Operating on behaviour
The latest module in EASD e-Learning’s course on metabolic surgery launches today, written and presented by Dr Dimitri Pournaras, a prolific researcher in the field, who is also a bariatric and metabolic surgeon at North Bristol NHS Trust. And as his module shows, there’s more to this surgery than meets the eye…
Dimitri’s module is the perfect companion piece to the first module in this course, giving a surgeon’s perspective on the topic. But although Dimitri painstakingly covers all the different bariatric surgical procedures currently available, it’s a lot more than that.
The anatomy involved in these operations is complex. But the point behind them, at least as Dimitri describes it, is simple. “What we are all trying to do as obesity surgeons, obesity physicians, primary care doctors – different members of the multidisciplinary team – is not to make people look thin. We are trying to ensure they live longer, with a better quality of life, doing more things with their loved ones.”
So how is that achieved by surgery? Dimitri sees these procedures as “operations that work on appetite. They work by a physiological rather than a mechanical model.”

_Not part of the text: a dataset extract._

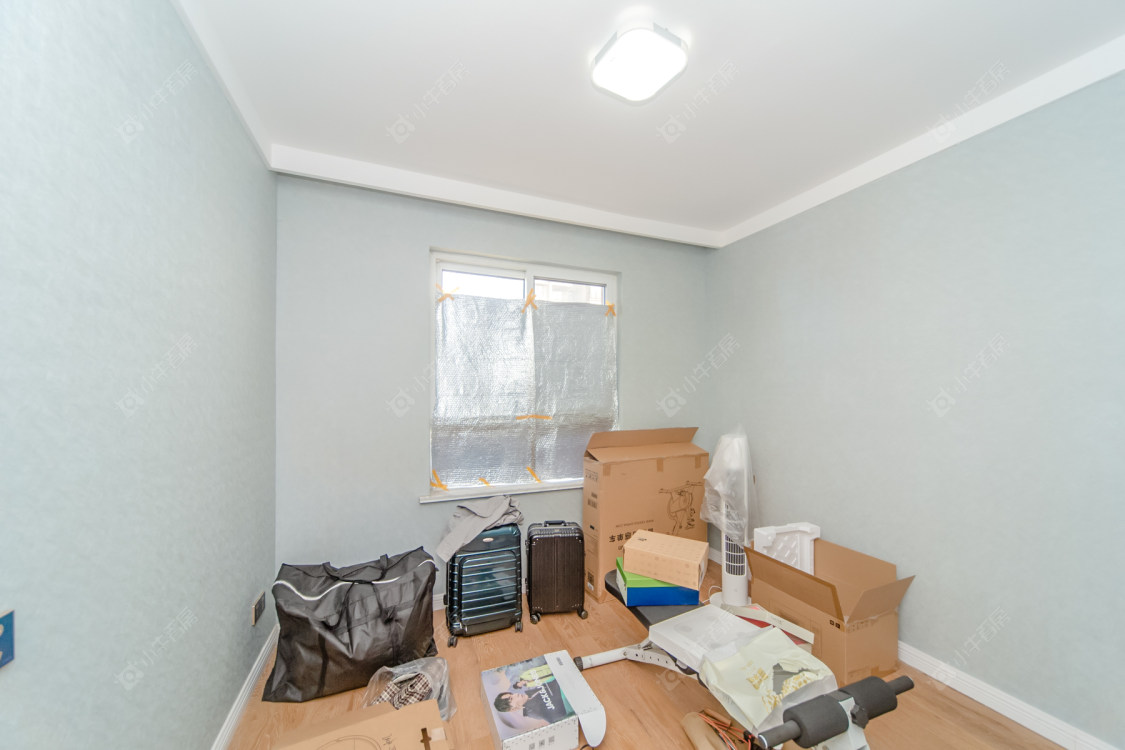 常州美林湖水岸枫情在售二手房源_小牛看房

Put simply, they act on the messaging between gut and the brain that tells us we are hungry – specifically, changing eating habits by enhancing the post-prandial response of satiety gut hormones such as PYY and GLP-1; in effect, it’s behavioural surgery. “If you want to be philosophical about this,” says Dimitri, “if we cannot change the obesogenic environment we live in, what we can do is to change the way we perceive it. And the way we perceive our environment is via our gastrointestinal tract.”
His investigations in this area are a classic inversion of the bench to bedside model of research. He was already involved in laparoscopic bariatric surgery when he first noticed the remarkable improvements in glycaemic control seen post-surgery among patients with type 2 diabetes. The observation led him to question how this came about, resulting eventually in a fertile series of research collaborations with his colleague Alan Osborne and Professor Carel Le Roux, author of our first module on metabolic surgery.
Dimitri is careful, though, to manage expectations of type 2 diabetes remissions. “One in four patients goes into remission but one in five recurs, so we cannot really say that we are saving people from diabetes.” But there’s more at stake than simple remission. “If you look at glycaemic control after surgery, going from 8.1% before gastric bypass to 6.2% after the surgery is a fantastic outcome. It’s likely to lead to good cardiovascular outcomes in the future. And we all know from some of the classic studies in the field of diabetes that even a year or two of good glycaemic control may have lasting legacy effects.”